[Stored data entries]
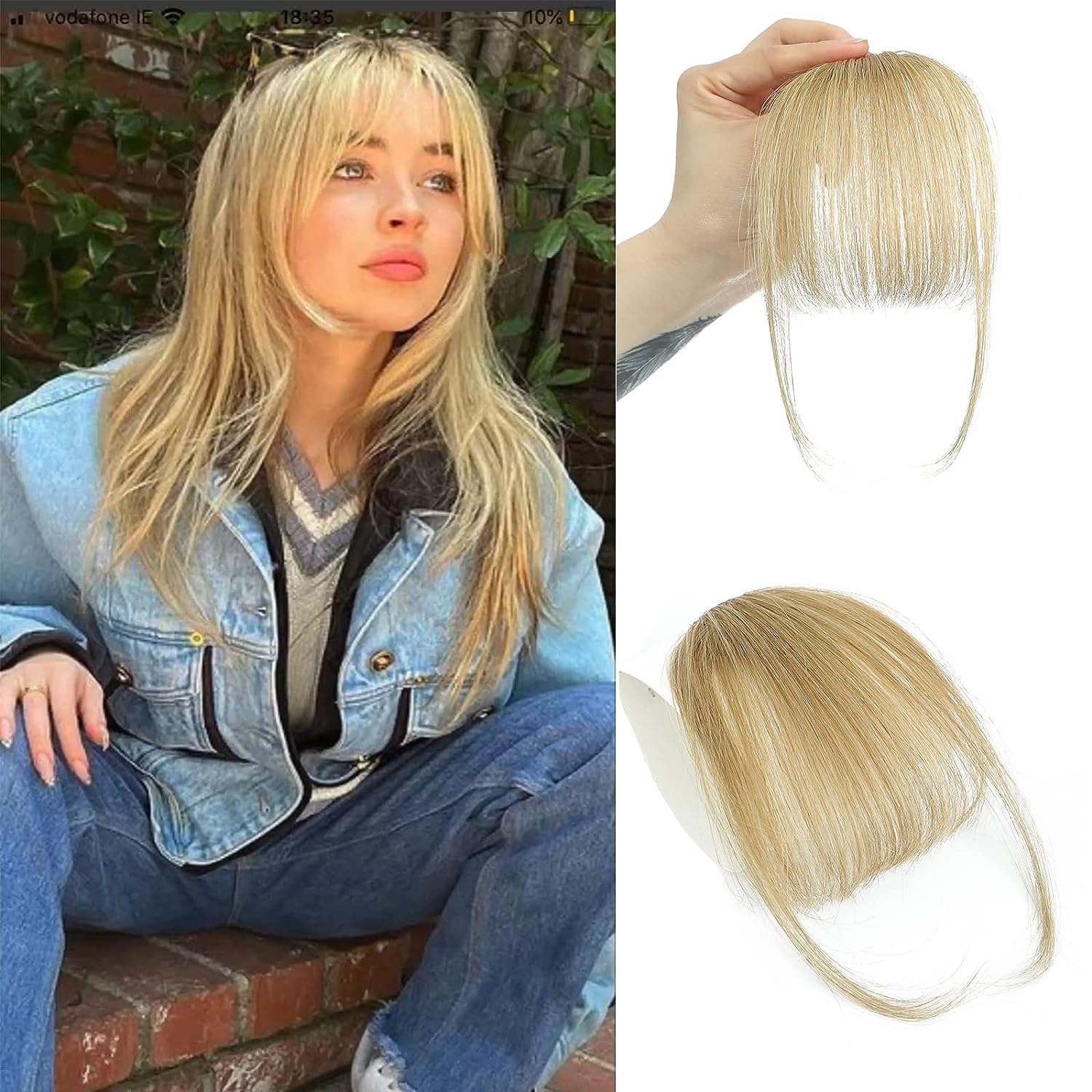 100% Human Hair Wispy Bangs Cl - Seamless Clip In Hair Extensions Human Hair 评论和价格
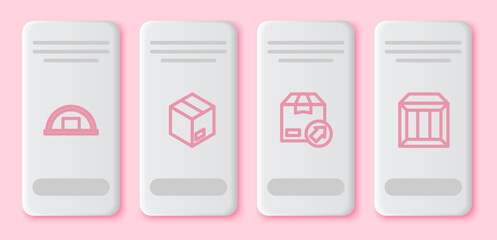 Poster - Set line Warehouse, Carton cardboard box, and . White rectangle button. Vector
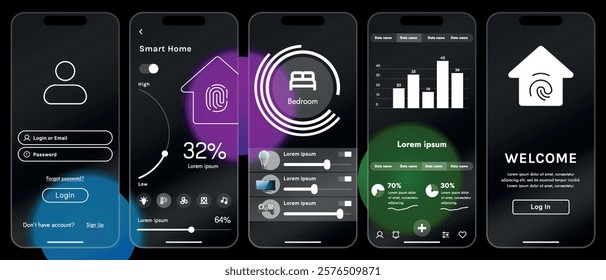Sleek vector illustration of a smart home app interface displayed on a smartphone. The design features a glass base, modern icons and controls.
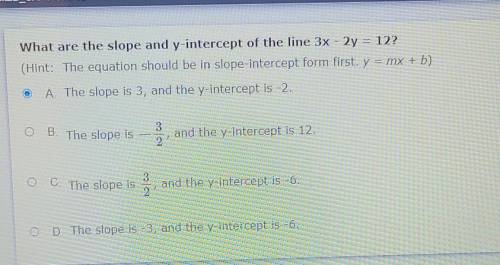 What are the slope and y-intercept of the line 3x-2y=12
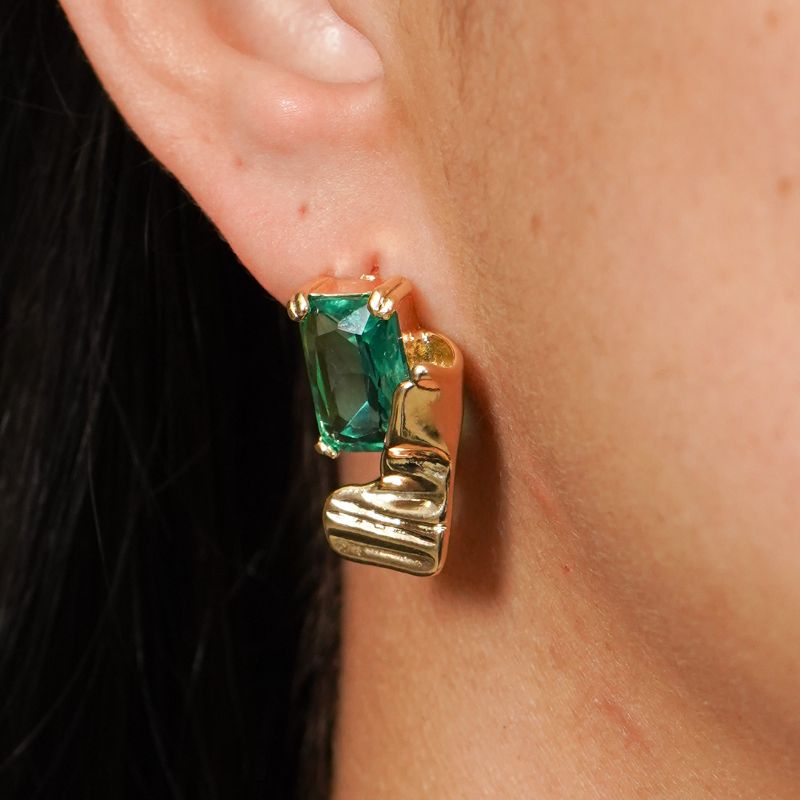 Brinco Retangular Luxo Pink/Verde Aba Martelada Grande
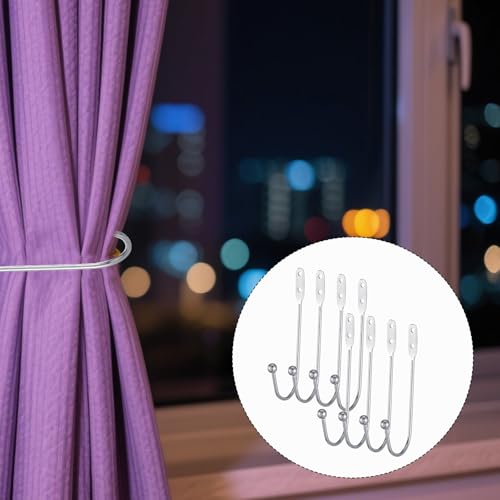 8 Pcs Metal Curtain Holdbacks, Curtain Tiebacks Wall Mounted Curtains Hooks Decorative Drapery Tie Backs Retro Window Hook with Screws for Drapes, Home Decor (Silver)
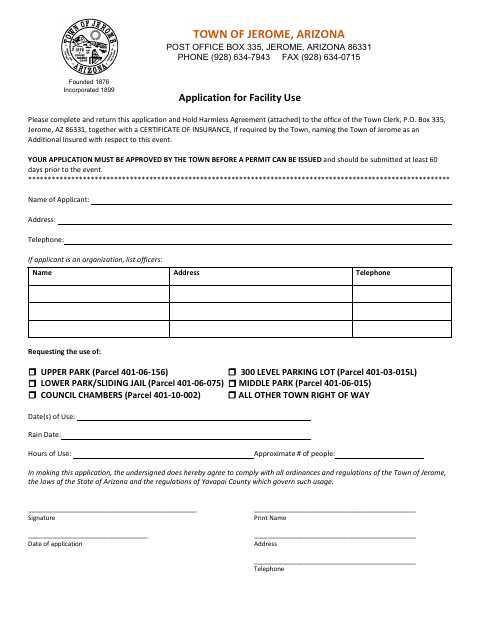 First page of the Application for Facility Use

*Work to complete*: From the line that contains "8 Pcs Metal" to the final line of the entries, reproduce every line exactly, both ends included. Leave out all pictures.

*Response area*:
 8 Pcs Metal Curtain Holdbacks, Curtain Tiebacks Wall Mounted Curtains Hooks Decorative Drapery Tie Backs Retro Window Hook with Screws for Drapes, Home Decor (Silver)
 First page of the Application for Facility Use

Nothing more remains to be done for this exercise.